Aging
Home to one of the world’s largest centers on the study of healthy aging, Tufts has experts using innovative research methods to increase knowledge about the aging process and improve the lives of older adults.
Discovering How We Get Older—and Stay Healthier Longer
Statistics
6
Number of NIH-funded clinical centers—the HNRCA at Tufts is one
3 x
Americans 100 years and older tripled between 1980 and 2024 (from 32,194 to 101K)
8296
Number of participants in HNRCA human research studies since 2019
77 M
Number of people older than 65 worldwide by 2034
Selected Research
By 2034, people aged 65 and older will outnumber those 18 and younger, according to population projections from the U.S. Census Bureau. That reality raises complex questions about public health, the economy, the workforce, and the not-yet-understood complexities of aging.

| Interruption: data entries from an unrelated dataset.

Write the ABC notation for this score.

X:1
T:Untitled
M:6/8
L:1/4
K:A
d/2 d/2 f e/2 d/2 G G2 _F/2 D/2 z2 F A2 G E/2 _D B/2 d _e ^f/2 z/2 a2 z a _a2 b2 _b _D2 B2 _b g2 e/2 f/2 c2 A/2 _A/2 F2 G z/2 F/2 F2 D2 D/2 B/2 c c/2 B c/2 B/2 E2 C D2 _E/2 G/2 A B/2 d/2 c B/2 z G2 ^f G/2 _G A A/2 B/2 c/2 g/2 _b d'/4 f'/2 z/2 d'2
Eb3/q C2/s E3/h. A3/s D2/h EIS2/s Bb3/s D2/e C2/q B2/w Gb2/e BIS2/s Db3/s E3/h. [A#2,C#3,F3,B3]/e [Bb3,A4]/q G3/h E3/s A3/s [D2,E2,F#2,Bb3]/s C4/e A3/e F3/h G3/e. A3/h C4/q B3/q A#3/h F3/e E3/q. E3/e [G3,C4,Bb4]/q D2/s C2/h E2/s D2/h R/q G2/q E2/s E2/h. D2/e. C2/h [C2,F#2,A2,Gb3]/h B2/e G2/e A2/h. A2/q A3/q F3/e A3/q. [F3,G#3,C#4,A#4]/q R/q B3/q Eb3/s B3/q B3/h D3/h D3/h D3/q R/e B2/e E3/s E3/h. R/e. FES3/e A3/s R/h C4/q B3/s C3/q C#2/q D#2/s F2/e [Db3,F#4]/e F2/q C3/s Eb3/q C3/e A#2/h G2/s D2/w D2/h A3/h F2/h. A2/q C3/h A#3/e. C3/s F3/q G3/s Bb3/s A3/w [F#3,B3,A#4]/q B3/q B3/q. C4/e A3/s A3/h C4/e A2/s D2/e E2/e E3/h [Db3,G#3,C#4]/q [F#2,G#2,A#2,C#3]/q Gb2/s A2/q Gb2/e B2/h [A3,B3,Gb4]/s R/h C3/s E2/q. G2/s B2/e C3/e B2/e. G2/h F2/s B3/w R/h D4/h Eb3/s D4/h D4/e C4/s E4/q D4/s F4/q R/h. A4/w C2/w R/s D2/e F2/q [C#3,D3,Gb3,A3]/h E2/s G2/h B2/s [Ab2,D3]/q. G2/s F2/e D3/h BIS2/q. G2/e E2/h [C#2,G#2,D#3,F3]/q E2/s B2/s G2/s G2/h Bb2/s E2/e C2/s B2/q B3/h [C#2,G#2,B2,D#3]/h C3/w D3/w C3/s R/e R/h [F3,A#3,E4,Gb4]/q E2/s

Researchers at Tufts are shedding new light on those complexities, helping to answer some of the most difficult aging-related questions we face, with potential benefits for populations worldwide.
The Jean Mayer USDA Human Nutrition Research Center on Aging, one of the largest centers in the world studying healthy aging, brings together more than 40 scientists working across a wide range of fields to study, for example, how exercise and nutrition accelerate or slow down the common biological processes of natural aging.
Experts at the center advance knowledge about: the heart; the eyes; the brain; our bones; cancer; metabolism, obesity, and diabetes; and other organs, systems, and diseases as they relate to aging.
Through its Healthy Aging Research Cluster, the center also partners with dozens of departments across the university:
- At the School of Arts and Sciences, DNA experts explore the mechanisms of growing older, while others examine the effects of senolytics (drugs that target cells linked to aging).
- Researchers in the School of Medicine’s Neuroscience Department investigate how we can keep our brains healthy as we age, focusing on information retrieval, stereotypes, and memory, and how nutrition might offset Alzheimer’s disease.
- Elsewhere in the School of Medicine, researchers consider ways to reduce the risk of dementia.
- At the School of Dental Medicine, scientists target the bacteria that cause periodontal disease, in the hopes of slowing the progress of Alzheimer’s, while looking for ways to keep aging mouths as healthy as younger ones.
- At Cummings School of Veterinary Medicine, researchers take a One Health approach to sarcopenia—age-related loss of muscle mass and strength—comparing human and canine muscle wasting to better understand both.
- Across disciplines, including at the School of Medicine and the Friedman School for Nutrition Science and Policy, experts probe the ways in which the heart and arteries change during the aging process and why women and men have different rates of cardiovascular disease.
And despite how extensive this cross-university engagement with research on aging is, it is only the beginning of the potential for the healthiest possible lifespans.